Real GDP growth last quarter of 2.2% annualized from 3Q was only three-fifths as much as street expectations and followed negative growth of 6.7% in the second quarter and 2.3% in the third calendar period.  Real growth in 2014 was zero compared to a U.S. growth rate of 2.4% and even below the eurozone’s 0.9% pace.  Relative to those other economies, 2014 was Japan’s worst performance since 2011.

GDP, % 2014 2013 2012 2011
Japan 0.0% +1.6% +1.8% -0.5%
U.S. +2.4% +2.2% +2.3% +1.6%
Eurozone +0.9% -0.5% -0.7% +1.6%

Japanese real GDP last quarter was 0.5% lower than a year earlier, a deterioration of 2.8 percentage points (ppts) from the four-quarter advance of 2.3% between the last quarters of 2013 and 2014.  Nominal GDP, by contrast, decelerated just 0.2 ppts to 1.8% in the four quarters to 4Q14 from 2.0% in the year to 4Q13.  The 3-ppt hike of Japan’s sales tax, effective last April 1, lifted inflation by less than three ppts and, like the previous consumption tax hike in 1997 had a negative impact on real economic activity.  Japan’s GDP price deflator slipped 0.3% between 4Q12 and 4Q13 but rose 2.3% between 4Q13 and 4Q14.  Moreover, the weakness of the economy last year generated decelerating momentum in inflation.  Between the third and fourth quarters of the year, the GDP price deflator only climbed 0.5% at an annualized rate.  The GDP price deflator’s 1.6% advance in 2014 was the first calendar year increase of any size since 1997.

The engines of economic growth last quarter were net exports, which accounted for 0.9 ppts of the 2.2% annualized recovery in real GDP, and private business inventories, which augmented growth by an additional 0.7 ppts.  Personal consumption, which after an 18.8% collapse in the second quarter and a rebound of just 1.0% annualized in 3Q, rose only 1.1% further in 4Q.  Personal consumption in 2014 as a whole exerted a 0.8 percentage point drag.  Among other components of aggregate demand last quarter, residential investment (down 4.8% on quarter and 15.7% on year) posted a third consecutive quarterly drop.  Non-residential business investment edged up just 0.4%, not enough to fully reverse the third quarter’s 0.6% dip, and that left such a mere 0.1% larger than in the year-earlier quarter.  Public-sector demand accounted for just 0.1 ppt of GDP growth last quarter.
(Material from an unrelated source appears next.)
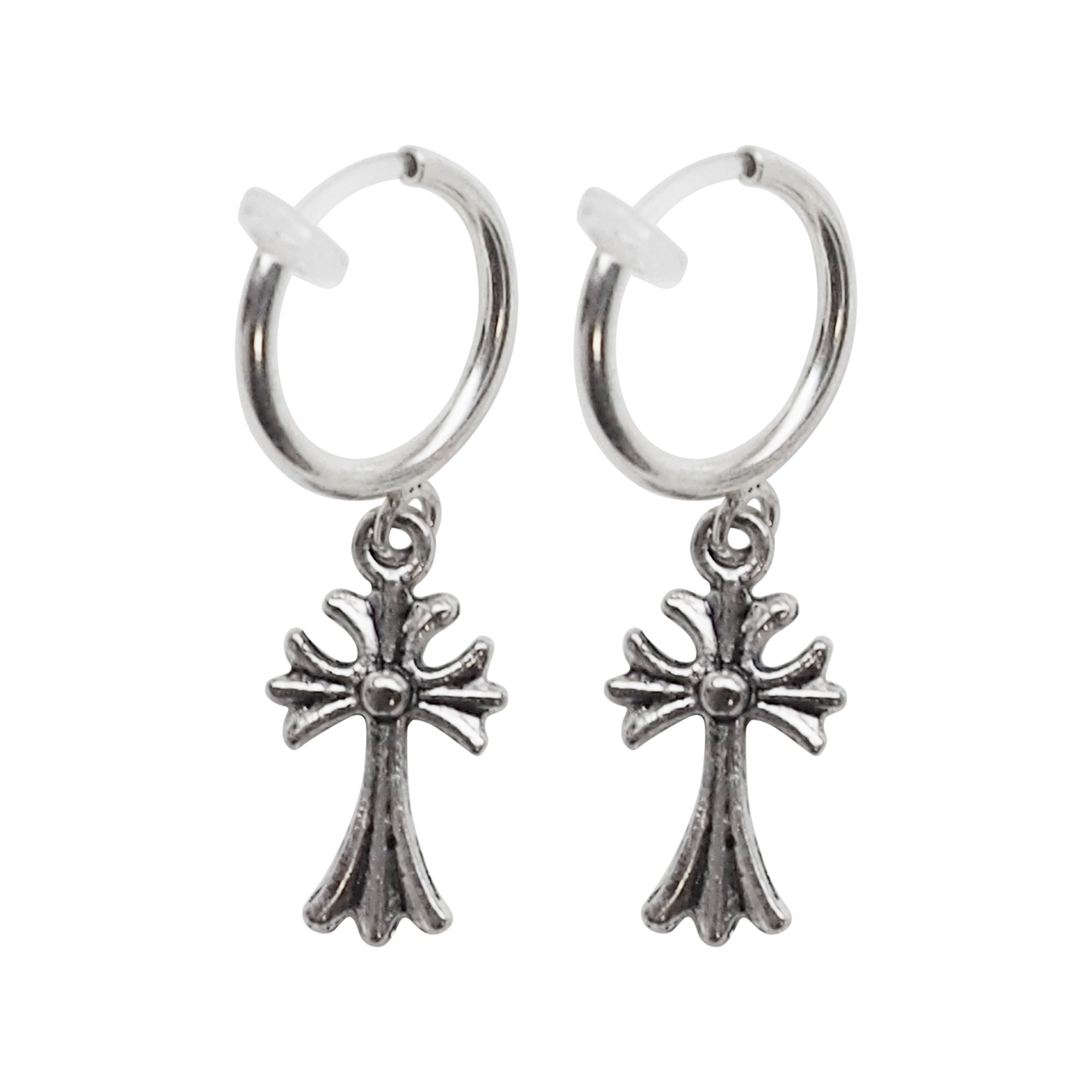 Silver Cross Resin Clip On Hoop Earrings - Miyabi Grace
Conceptually, Japanese national income accounts highlight that sharp yen depreciation, an inevitable by-product of massive quantitative monetary stimulus, has been the overwhelming channel through which Abenomics is impacting the economy.  It took much longer than expected for exports to respond, but after sliding 0.4% in 2011, then another 0.2% in 2012 and rising just 1.5% in 2013, they grew by 8.2% in 2014 and 11.4% between 4Q13 and 4Q14.  In 2014, personal consumption and housing contracted, and growth of 0.9% in public-sector demand was only about half the pace over the prior two years.  Japan is fortunate that the Group of Twenty nations has explicitly felt that its pursuit of monetary stimulus to eradicate deflation is appropriate and that the collateral sharp decline of the yen is understandable and does not constitute a deliberate manipulation of the currency to gain competitive advantage against other economies.